Borken. Die Kommunalwahl 2011 steht vor der Tür und in Borken zeitgleich am 27. März die Bürgermeister- und die Gemeindewahl, also die Wahl der Stadtparlamentarier. Zu diesem Anlass laden die Heimat-Nachrichten führende Kommunalpolitiker ein, um mit ihnen über die Ziele und Möglichkeiten im Rahmen der Neubesetzung der Stühle im Borkener Rathaus zu sprechen. Im letzten Interview der Reihe erörtert der Stadtverbandsvorsitzende der SPD, Carsten Schletzke, die Vorhaben seiner Partei.

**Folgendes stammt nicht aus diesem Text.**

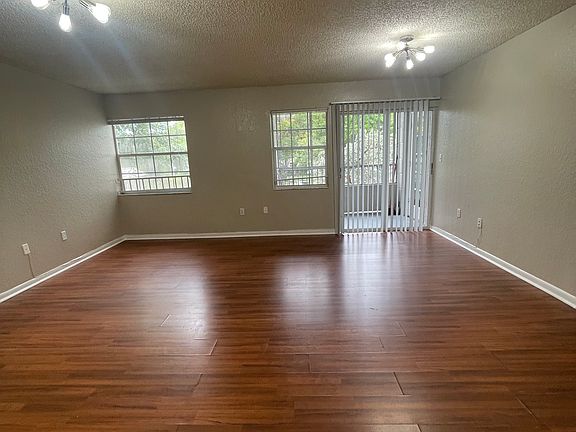 3rd image of 2831 N Oakland Forest Dr APT 206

Heimat-Nachrichten: "Wie sieht der Wahlkampf der SPD in diesem Jahr aus?"Schletzke: "Wir haben begonnen mit Plakaten und anderen Materialien. Sicher gehören unsere Veranstaltungen wie das Wintergrillen dazu oder  unsere große Veranstaltung am 19. März, die wir zum Europäischen Jahr der Freiwilligen mit den Vereinen gemeinsam begehen werden. Doch Wahlkampf ist nicht alles. Wir haben einiges angestoßen, zum Beispiel eine gemeinsame Sozialberatung mit AWO und VdK."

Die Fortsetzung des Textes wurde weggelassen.